Zcash has patched a major vulnerability that would have allowed bad actors to drain funds from the protocol’s deprecated Sprout shielded pool.
Summary
- Zcash patched a critical flaw in zcashd nodes that skipped proof verification in the legacy Sprout pool, a bug that could have exposed more than 25,000 ZEC to potential draining.
- The vulnerability remained present from July 2020 until the release of v6.12.0, with no exploitation detected and all user funds confirmed safe.
A disclosure report from security researcher Alex “Scalar” Sol, published on Tuesday, claims that a critical flaw was discovered in zcashd nodes that resulted in skipping proof verification for transactions involving the legacy Sprout pool.
Zcash’s Sprout pool is the original “shielded pool” that launched with the network in 2016. It was the first implementation of zero-knowledge proofs (zk-SNARKs) in a production cryptocurrency, allowing users to send and receive ZEC privately.
Although the pool was closed to new deposits in November 2020, it still holds approximately 25,424 ZEC, which are yet to be migrated to newer shielded pool versions.
According to the disclosure, the vulnerability spanned releases from July 2020 onward but was fixed through v6.12.0, which was released on Tuesday. So far, the flaw has not been exploited, and user funds remain safe.
Major mining pools, including Luxor, F2Pool, ViaBTC, and AntPool, have already deployed the fix by March 26, the report added.

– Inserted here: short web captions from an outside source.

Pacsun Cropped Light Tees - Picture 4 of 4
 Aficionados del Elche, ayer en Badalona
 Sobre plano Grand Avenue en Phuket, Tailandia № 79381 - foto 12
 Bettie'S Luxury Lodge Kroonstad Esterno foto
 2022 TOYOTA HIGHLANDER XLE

The report added that the Zebra full node implementation was not affected. In the event of an attempted exploit, it would have resulted in a chain fork, acting as an additional safeguard.
Despite the severity of the issue, the Zcash Open Development Team has clarified that the network’s “turnstile” mechanism, which enforces that any coins exiting the Sprout pool must have previously entered it, would have prevented broader supply inflation.
For the Zcash network, this marks the second time a critical, systemic vulnerability has been uncovered within its shielded pools. In 2019, the Zcash team disclosed a “counterfeiting” bug, a flaw in the underlying cryptography that could have allowed an attacker to create an infinite amount of ZEC without detection.